Selon Transparency International, la majorité des Etats membres ne respecte pas la directive européenne en matière de protection des lanceurs d’alerte. La France n’y échappe pas : la condition de signaler «de bonne foi» et «sans bénéfice financier direct» serait contraire «aux normes internationales».

Afin de se conformer à la directive européenne de 2019, les Etats membres de l’UE ont dû adopter des lois protégeant les lanceurs d’alerte. Or, « les résultats sont préoccupants », selon le dernier rapport de Transparency International, publié le 8 novembre, qui a analysé le comportement de 20 Etats en matière de protection des lanceurs d’alerte.
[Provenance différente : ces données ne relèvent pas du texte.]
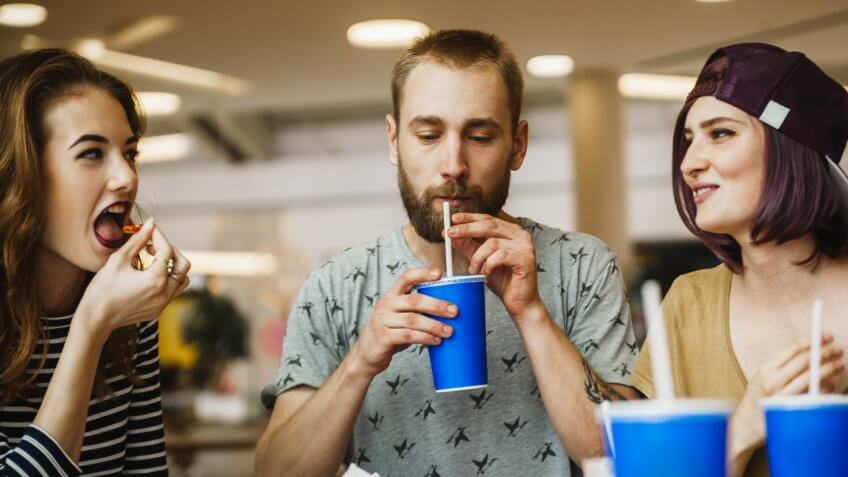 friends drinking from soda cups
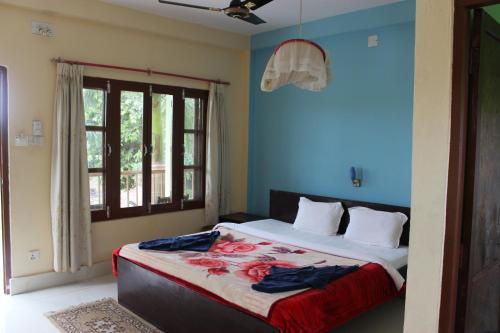 a bedroom with a large bed with blue walls at Dahachok Homestay in Dahachok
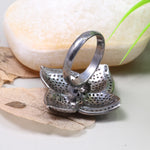 Vintage 4 Petal Pave wedding ring with emerald accents in an Art Deco sterling silver setting.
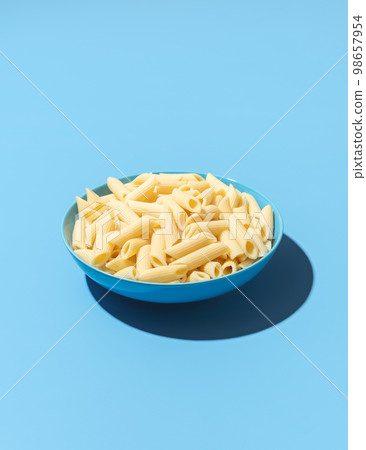 Penne pasta bowl minimalist on a blue background 98657954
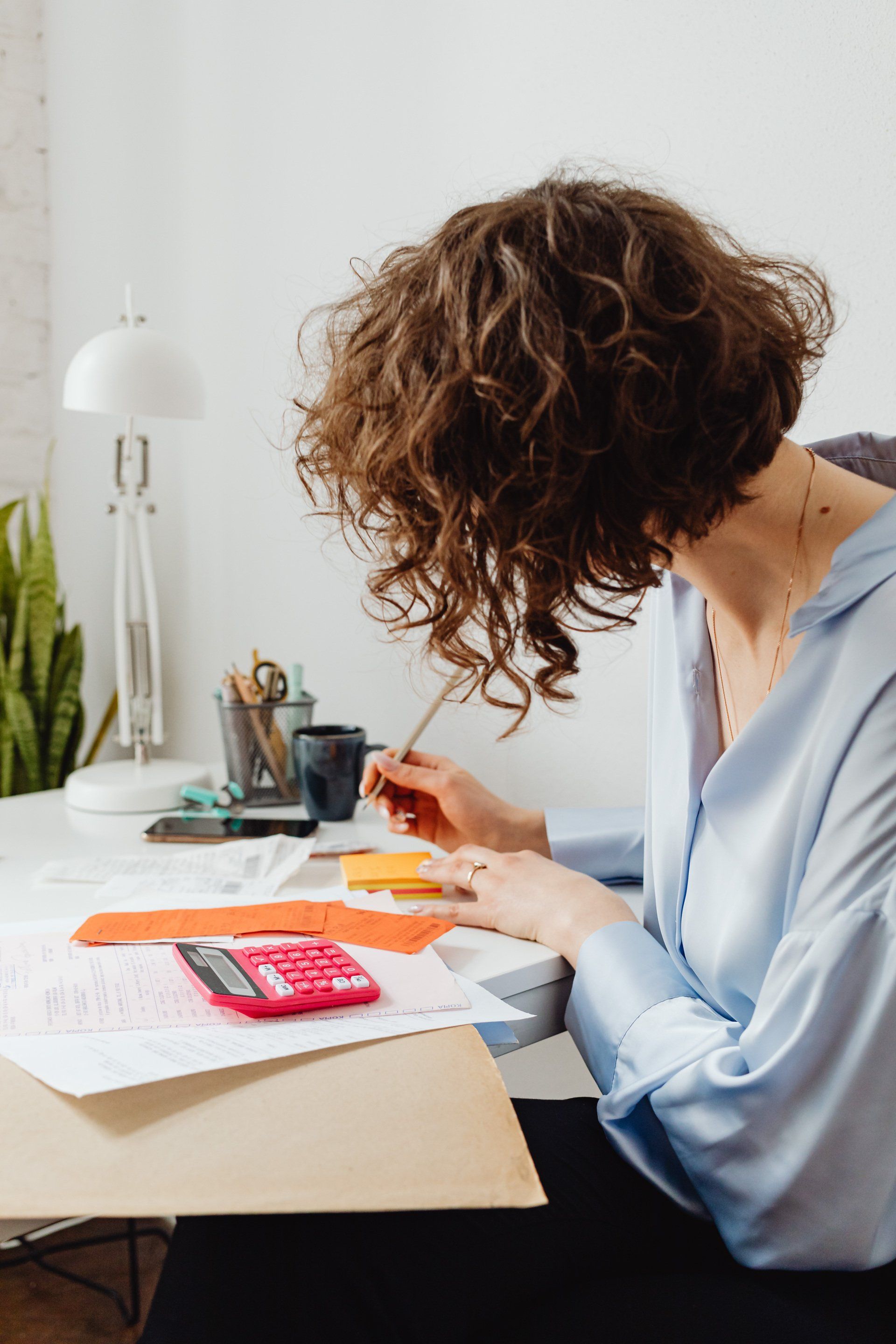 Female writing notes and planning how to protect her wealth and assests.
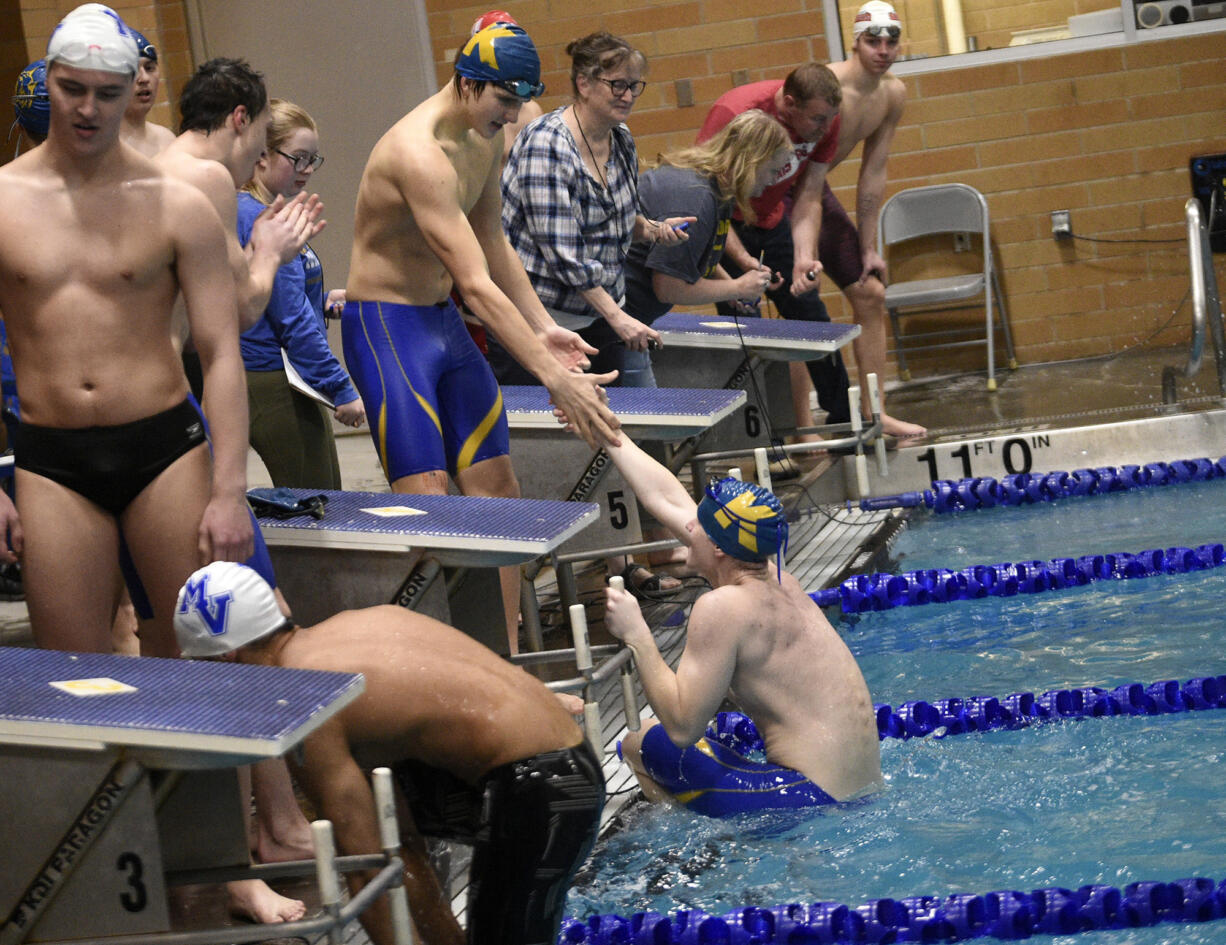 Harry Eugenis of Kelso is helped out of the pool after swimming the anchor leg in Kelso's win in the 200 freestyle relay at the Kelso Invitational swim meet at Kelso High School on Saturday, January 20, 2024.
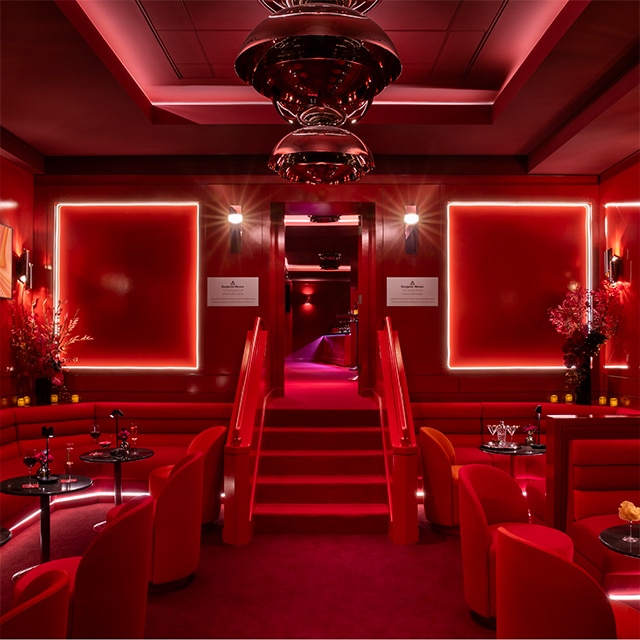 Benjamin Moore’s red-painted hospitality lounge at Madison Square Garden with red lighting.  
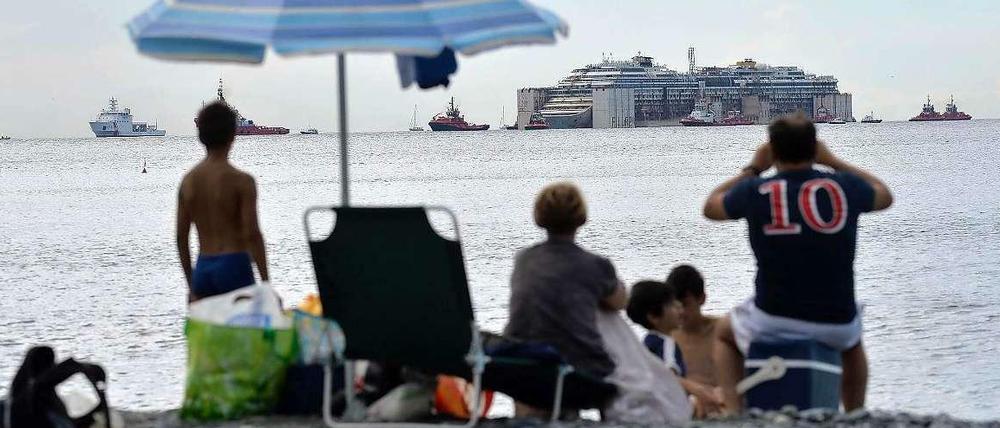 Vom Strand aus beobachten Urlauber, wie die Costa Concordia in Genua ankommt.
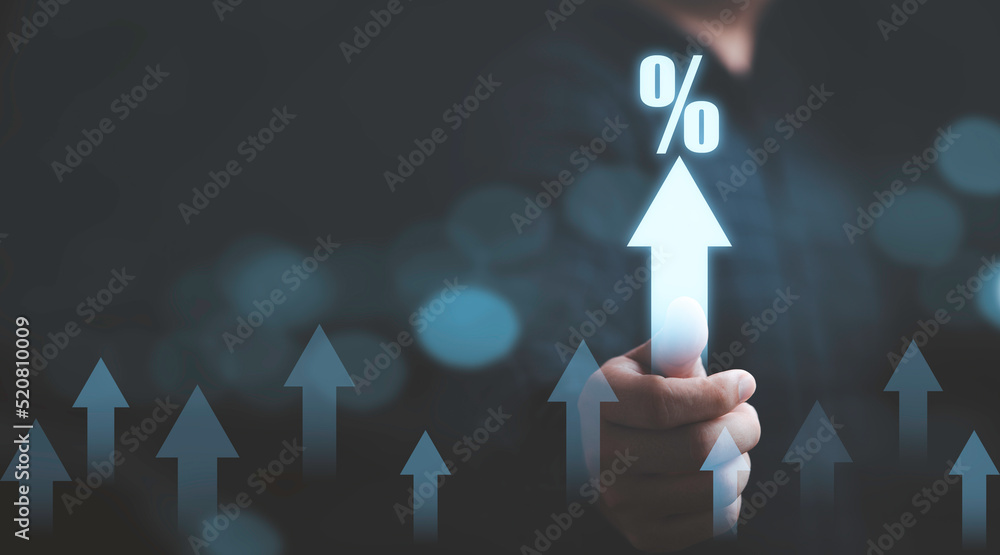 Wall mural Red percentage print screen on wooden block stacking for interest financial rating and financial ranking concept.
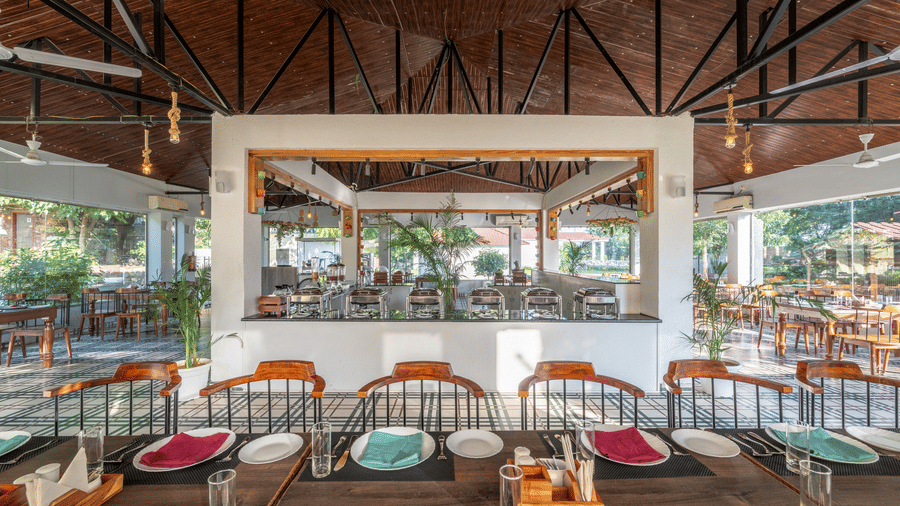Dining table set with cutlery and crockery at Valley by Grassfield, a resort in Jaipur.
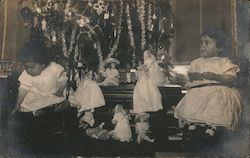 Small Girls and Dolls in front of Christmas Tree Postcard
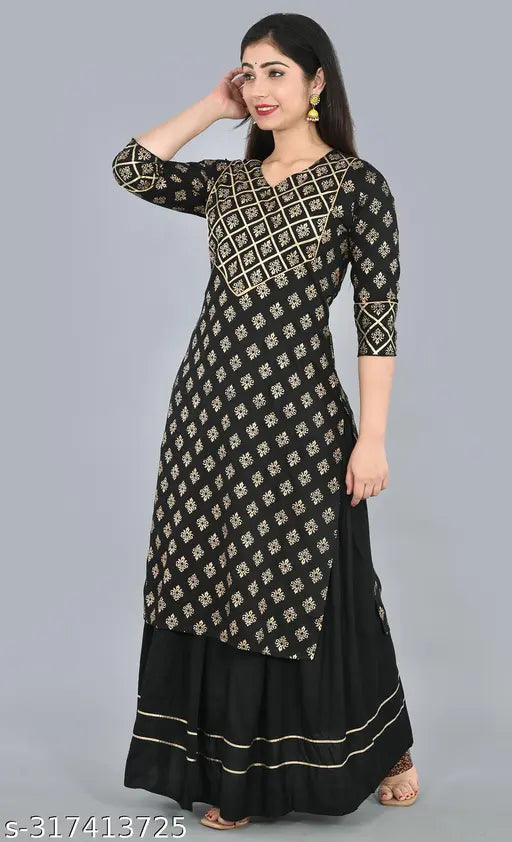 Black rayon straight kurta with skirt set, embellished net pattern with gold print gota lace, 3/4th sleeves, knee-length (46 inches), ideal for dating, parties, casual wear, travel, home, office, night out, gifting, beach. Authentic Liyara brand product from India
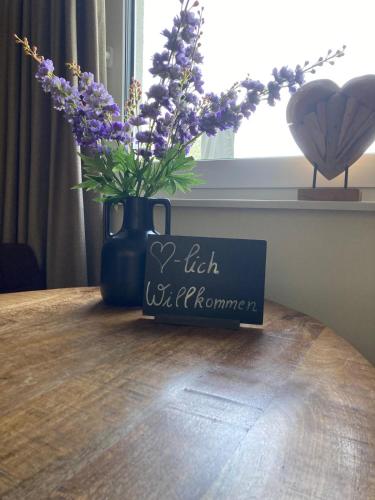 a sign on a table with a vase with purple flowers at Appartements Bergliebe in Bichlbach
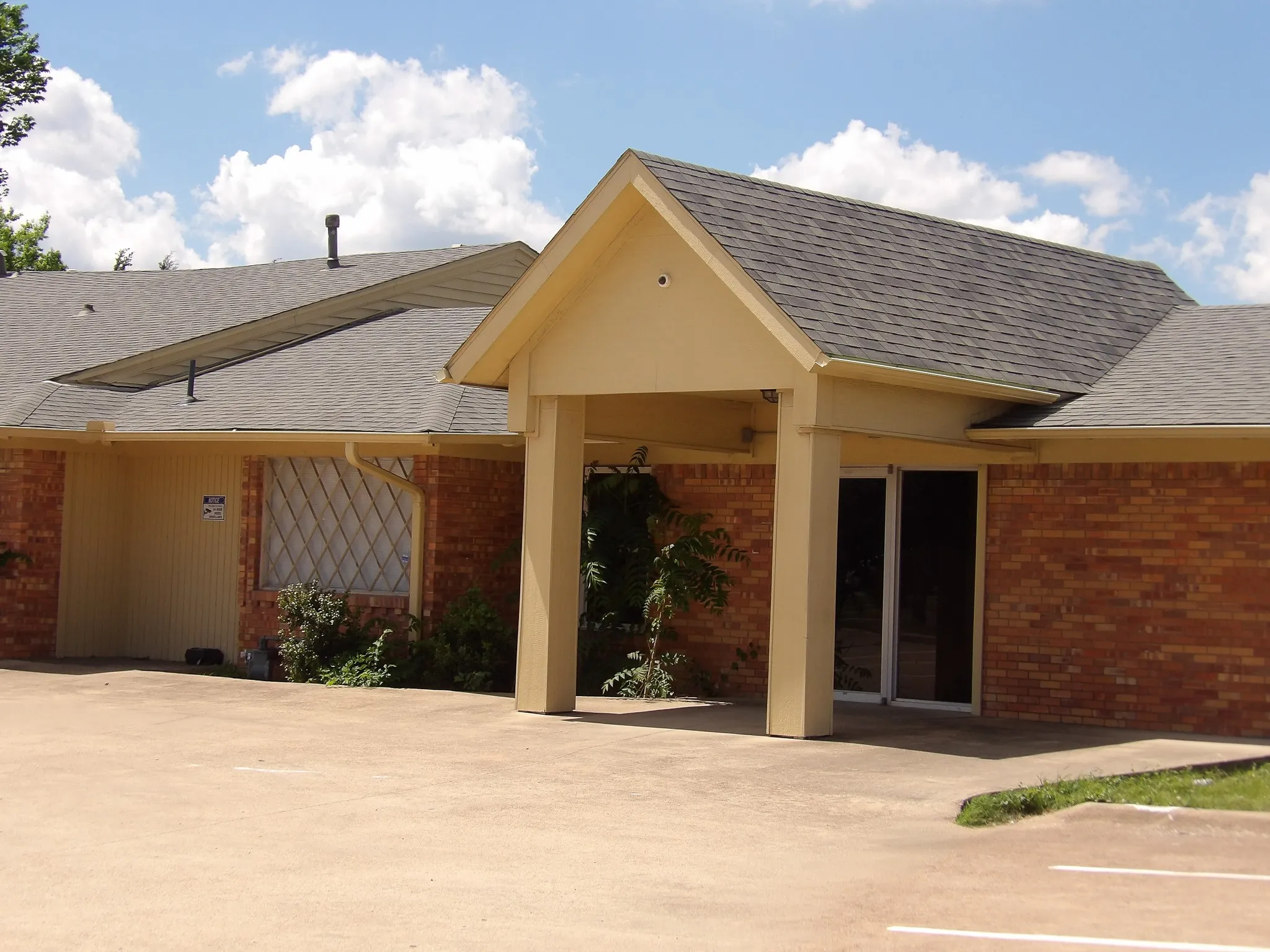 Brick exterior with a covered entryway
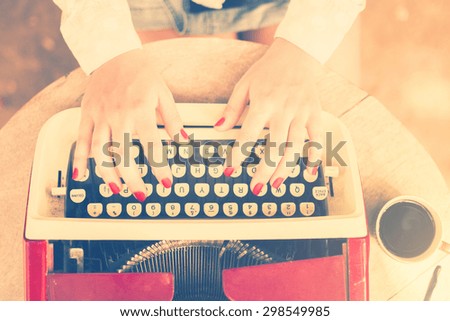 Girl at the table typing on a typewriter, vintage photo effect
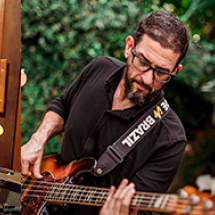 Montagem de três fotos com um musicista cada. Da esquerda para a direita: homem branco de cabelos curtos e escuros (usa blusa preta com mangas curtas e calça clara) toca guitarra em estúdio e sorri para alguém que não aparece na foto; homem branco, barbudo, de cabelos curtos e escuros (veste blusa preta de mangas longas e usa óculos) toca guitarra com o corpo inclinado para frente. Ao fundo, um espaço com plantas; homem negro (usa chapéu, óculos de grau e blusa de manga custa preta) toca bateria.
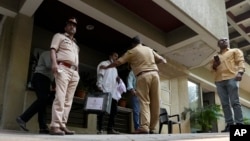 Police and forensic officials outside Bollywood actor Saif Ali Khan's residential building after he was operated for stab injuries following a scuffle with an intruder at his home in Mumbai, Jan. 16, 2025.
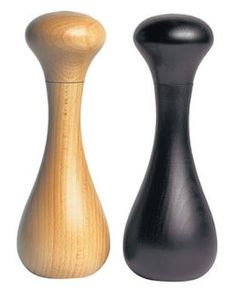 two wooden salt and pepper shakers on a white background, one is black and the other is wood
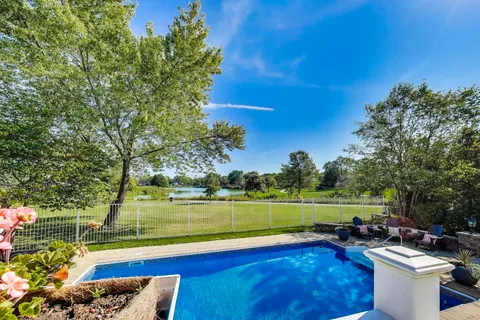 a view of house with yard and sitting area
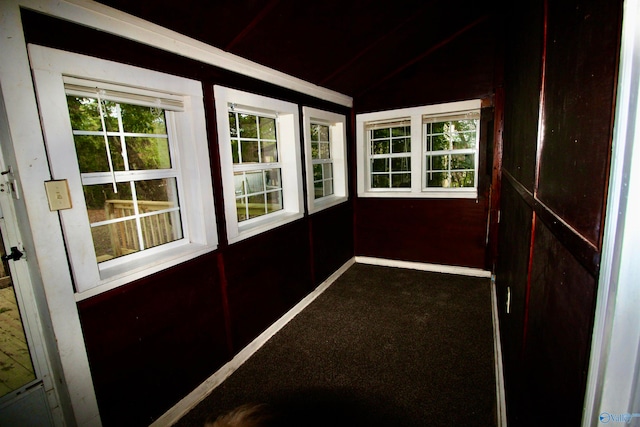 entryway with carpet flooring and vaulted ceiling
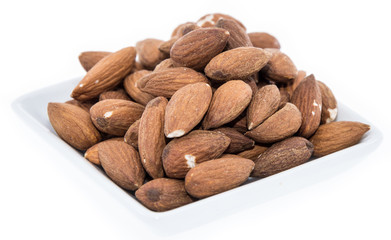 Heap of Almonds isolated on white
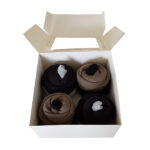 Cupcake kwartet ecru: 2x romper zwart, 2x romper donkergroen, 1 paar zwarte sokken en 1 paar lichtgrijze sokken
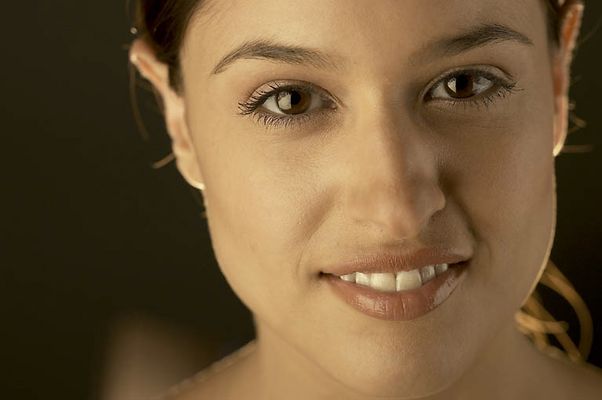 Close up of young woman smiling face.jpg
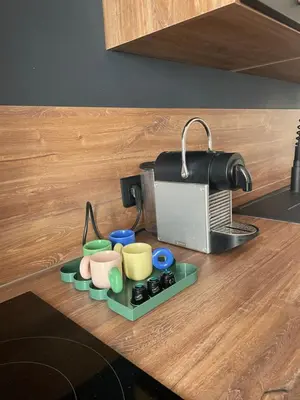 a kitchen counter with a tray of cups and a toaster at Superbe appartement 2 chambres plein centre in Ajaccio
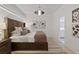 Bright bedroom featuring neutral tones, stylish light fixture, and ensuite bathroom at 560 Dutch Vly # 02313, Atlanta, GA 30324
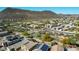 Expansive aerial view of a neighborhood with desert landscaping and mountains in the background at 2168 E Vista Bonita Dr, Phoenix, AZ 85024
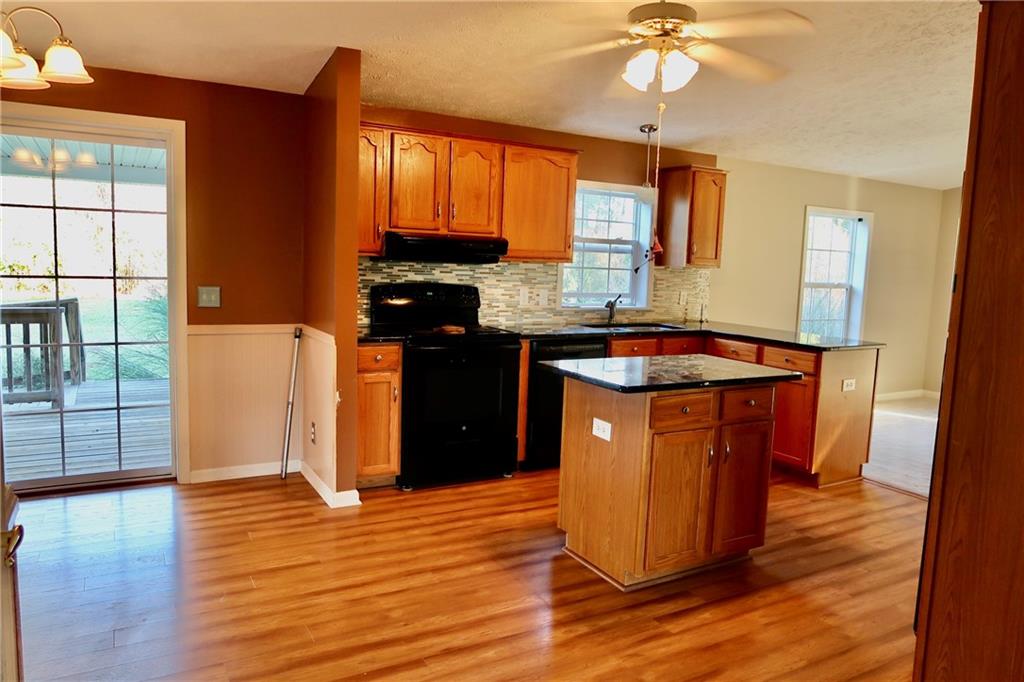 128 Airport Road Mercer, PA 16137 - Photo 9 of 36 a kitchen with kitchen island granite countertop wooden floors and a sink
L’évaluation menée par l’ONG dévoile en effet que les normes minimales et les objectifs fixés par l’UE ne sont, pour la plupart, pas atteints.

Une règlementation très forte en matière de sanctions en France

« 19 des 20 pays examinés ne respectent pas les exigences de l’UE dans au moins un des quatre domaines clés », indique le rapport.

La France fait partie des bons élèves par rapport à ses voisins européens car sa réglementation permet au lanceur d’alerte :

  • de signaler des informations directement aux autorités ;
  • d’accéder à des voies de recours et à une indemnisation complète pour les dommages subis ;
  • d’obtenir des conseils gratuits et facilement accessibles.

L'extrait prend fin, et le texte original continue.